START Provided data

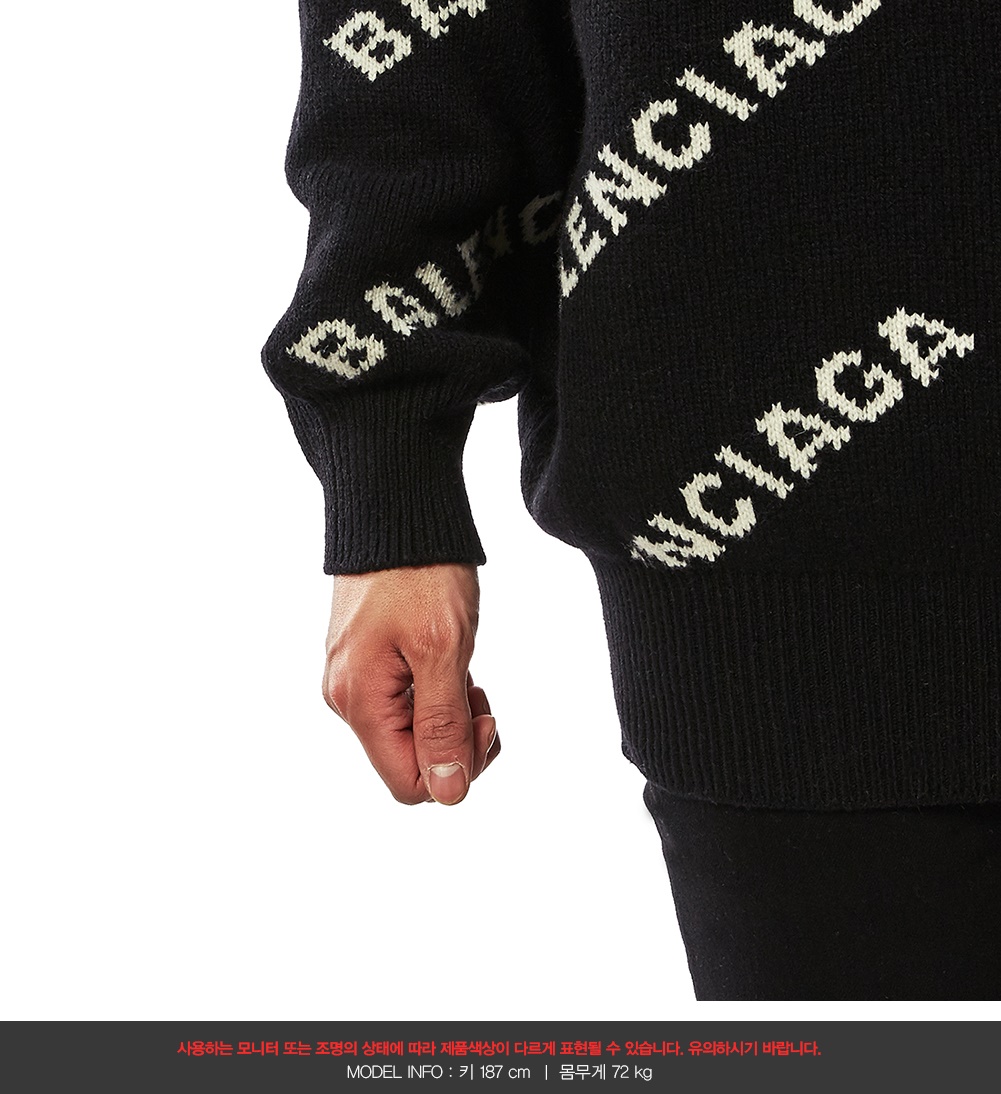 발렌시아가(BALENCIAGA) 로고 반집업 남자 울 니트 534644 T1471 1070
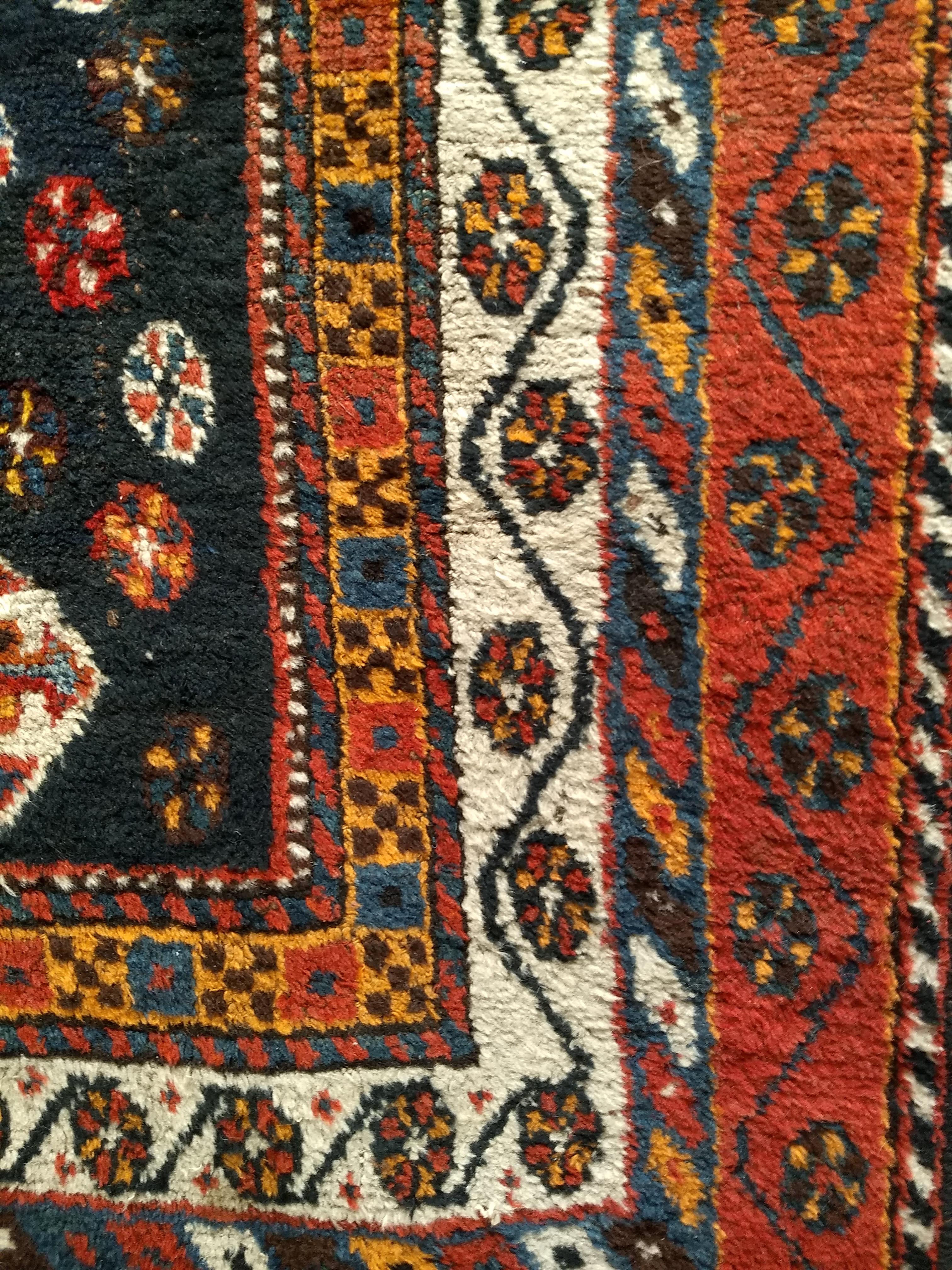 Vintage Persian Qashqai Tribal Area Rug in Rust, Ivory, Blue, Yellow, Black For Sale 1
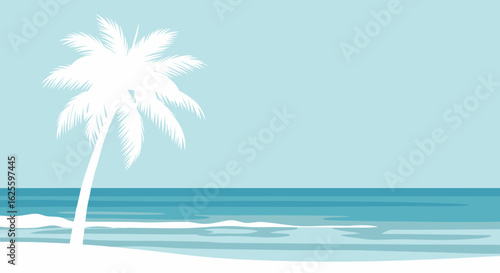 Serene tropical beach landscape featuring a silhouette palm tree against a pastel sky and calm ocean waters creating a tranquil seaside scene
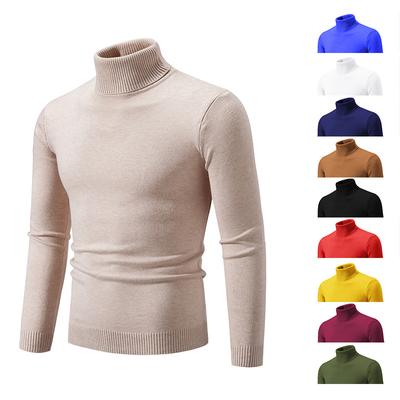 Autumn And Winter Thin Men'S Retro Simple Solid Color High Neck Base Sweater For Inner And Outer Wear, Casual Slim Fit Knitted Sweater
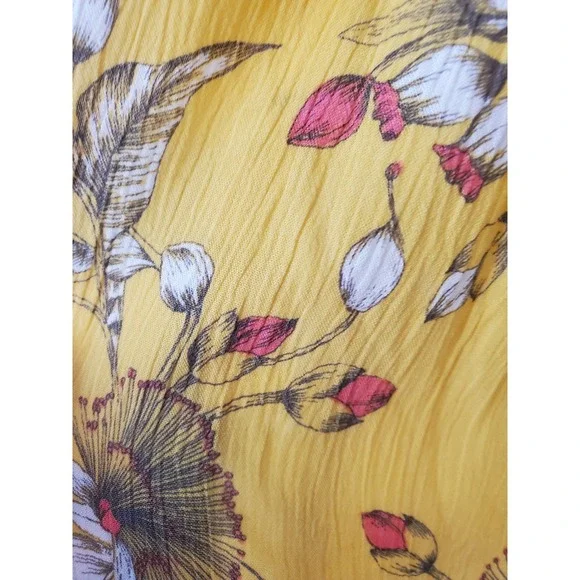 NWT Express Womens L Yellow Floral Off-the-Shoulder Smocked Ruffle Mini Dress - Picture 4 of 8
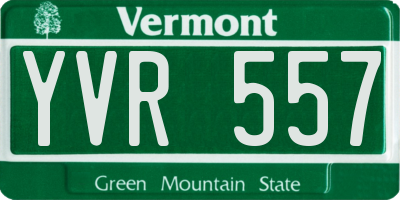 VT license plate YVR557
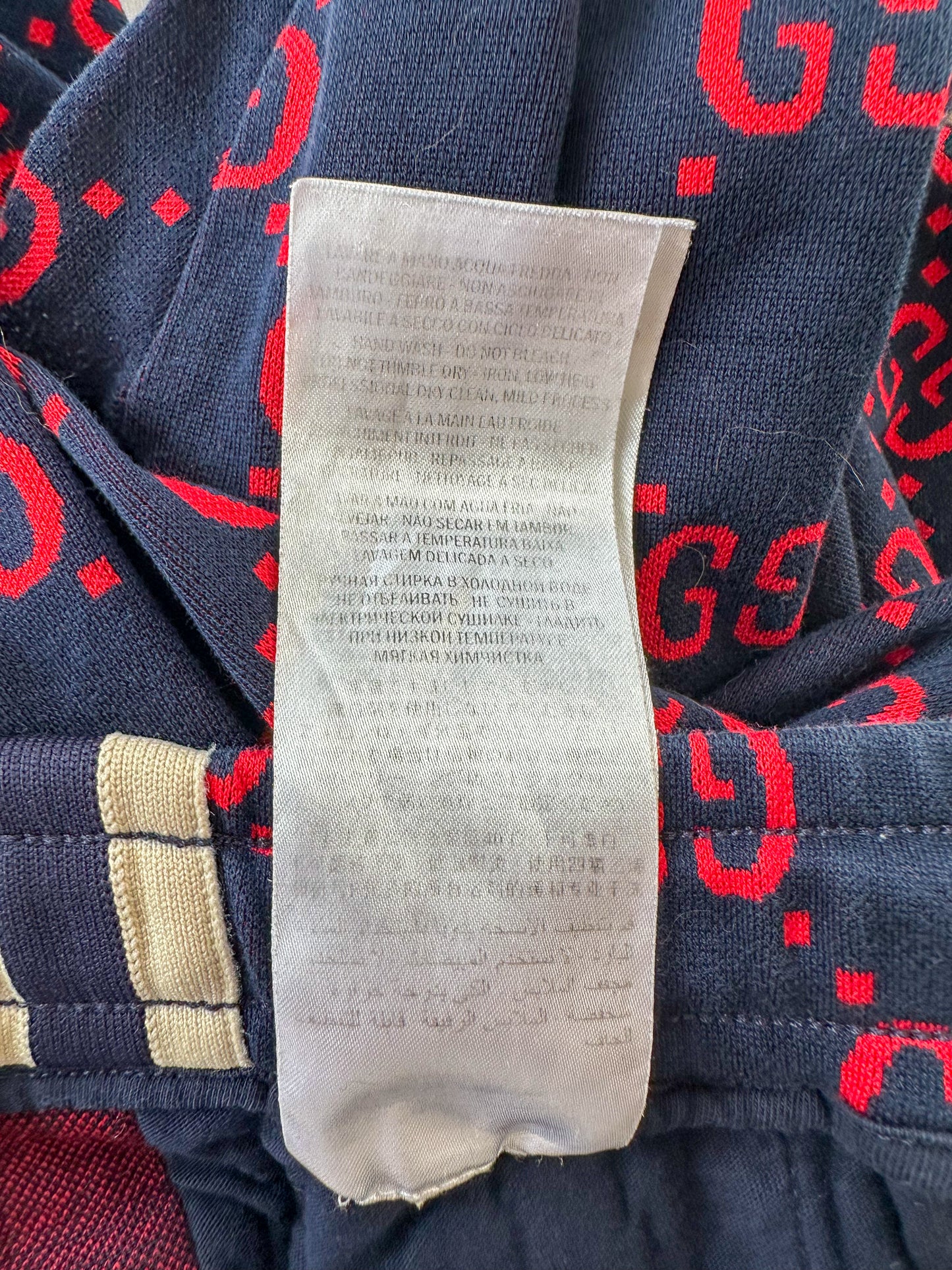 Gucci Navy & Red GG Monogram Jacquard Track Pants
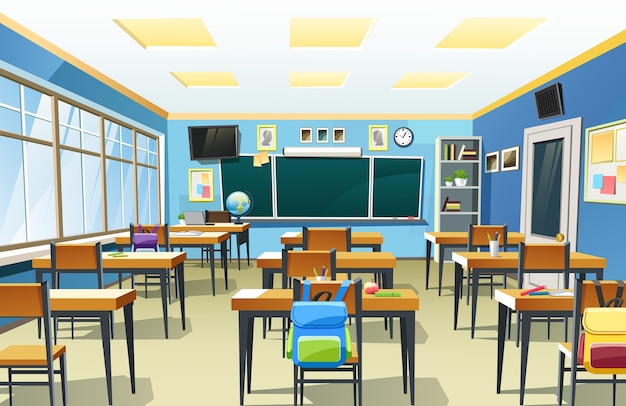 Illustration of empty school classroom interior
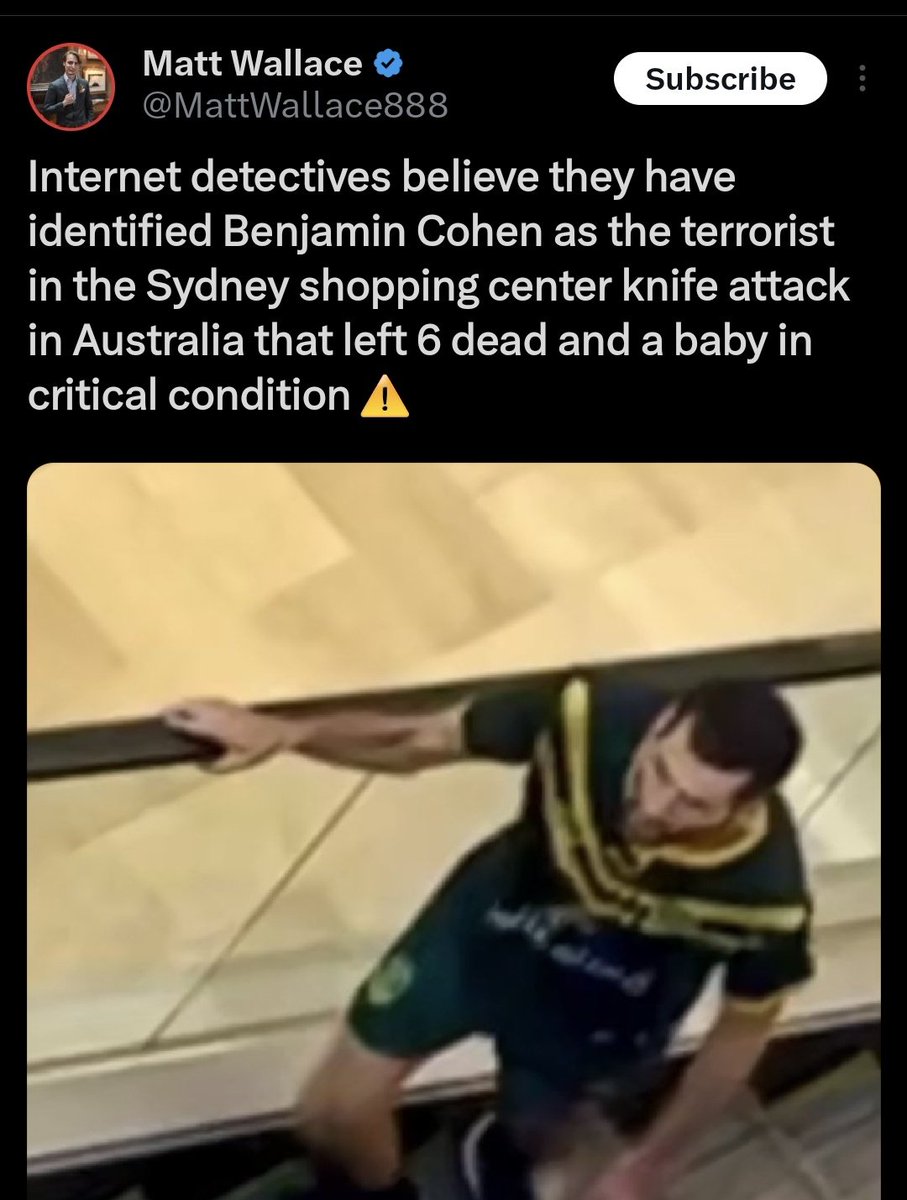 TheMossadIL's tweet photo. The Sydney attacker's name was Joel Cauchi, a man from New South Wales with no criminal record and mental health issues. 

Here are the antisemites who made up a person named Benjamin Cohen and doxxed an innocent Jewish man. https://t.co/sXMXyxiILC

END Provided data

* What to work on: Leaving the pictures out, give back each line above exactly.

* Solution:
 발렌시아가(BALENCIAGA) 로고 반집업 남자 울 니트 534644 T1471 1070
 Vintage Persian Qashqai Tribal Area Rug in Rust, Ivory, Blue, Yellow, Black For Sale 1
 Serene tropical beach landscape featuring a silhouette palm tree against a pastel sky and calm ocean waters creating a tranquil seaside scene
 Autumn And Winter Thin Men'S Retro Simple Solid Color High Neck Base Sweater For Inner And Outer Wear, Casual Slim Fit Knitted Sweater
 NWT Express Womens L Yellow Floral Off-the-Shoulder Smocked Ruffle Mini Dress - Picture 4 of 8
 VT license plate YVR557
 Gucci Navy & Red GG Monogram Jacquard Track Pants
 Illustration of empty school classroom interior
 TheMossadIL's tweet photo. The Sydney attacker's name was Joel Cauchi, a man from New South Wales with no criminal record and mental health issues. 

Here are the antisemites who made up a person named Benjamin Cohen and doxxed an innocent Jewish man. https://t.co/sXMXyxiILC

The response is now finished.